Before his arrest, Makouski had revealed on social media that government officials were pressuring his private company to employ a permanent “ideologist” whose job would be to surveil the workforce, according to Viasna.
“The situation in Belarus is deteriorating, and we see that even suspicions of disloyalty are enough to trigger the largest single roundup of creative people this year,” Pavel Sapelka, a lawyer with Viasna, told The Associated Press. “This is a new practice for the authorities: first arresting people, hacking their phones and computers, and only then bringing charges.”
Government officials have expanded their use of “extremism” labels to prosecute opposition voices, with sentences reaching up to a decade for anyone connected to individuals or organizations deemed extremist. Sapelka noted that officials recently branded 22 online discussion groups used by inmates’ family members as extremist organizations, describing it as “a blow to solidarity within the country” that puts thousands of households at risk of criminal charges.
Belarus, which maintains close ties with Russia, has faced international isolation for years. Alexander Lukashenko has maintained authoritarian control over the nation of 9.5 million people for more than thirty years, with Western nations imposing multiple rounds of sanctions both for human rights violations and for permitting Russia to launch attacks on Ukraine from Belarusian soil in 2022.
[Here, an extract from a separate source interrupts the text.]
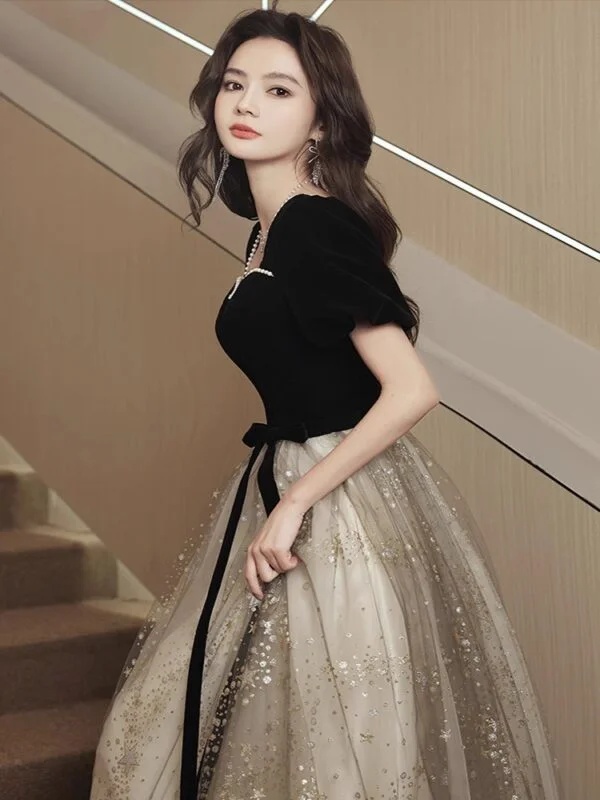 Women’s French Light Luxury Elegant Black Evening Dress for Any Occasion - Image 7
Lukashenko’s grip on power faced its strongest challenge following the 2020 presidential race, when massive crowds filled the streets to denounce what they considered fraudulent election results. The protests represented the most significant unrest since Belarus gained independence after the Soviet Union’s dissolution in 1991.
The government’s subsequent crackdown resulted in more than 65,000 arrests, widespread beatings of protesters, and the closure of hundreds of independent news organizations and civic groups. Leading opposition voices either escaped the country or were jailed. According to Viasna’s count, 913 political detainees remain incarcerated.
Five years after those massive street demonstrations, Lukashenko secured a seventh presidential term in an election that opposition groups dismissed as illegitimate.
In recent months, Belarus has freed some political detainees in apparent efforts to improve relations with Western nations. Following Donald Trump’s return to the presidency, Lukashenko has released hundreds of prisoners, including Nobel Peace Prize winner Ales Bialiatski and prominent opposition leaders Siarhei Tsikhanouski, Viktar Babaryka and Maria Kolesnikova.
Lukashenko’s most significant gesture came last month when he freed 250 political prisoners as part of an agreement with Washington that resulted in the lifting of certain American sanctions, marking the country’s largest single prisoner release.
Washington responded to these releases by removing sanctions from Belarus’s potash fertilizer sector and the state carrier Belavia.
However, human rights organizations report that oppressive measures persist. Viasna has documented cases where authorities have canceled the passports of freed political prisoners who traveled overseas, including Bialiatski, whose travel document was revoked after he left Belarus following five years of imprisonment.
“This is yet another form of transnational repression aimed at complicating the lives of deported political prisoners outside the country,” Bialiatski told the AP. “The authorities continue their repression and are trying to ritually sever our ties with Belarus.”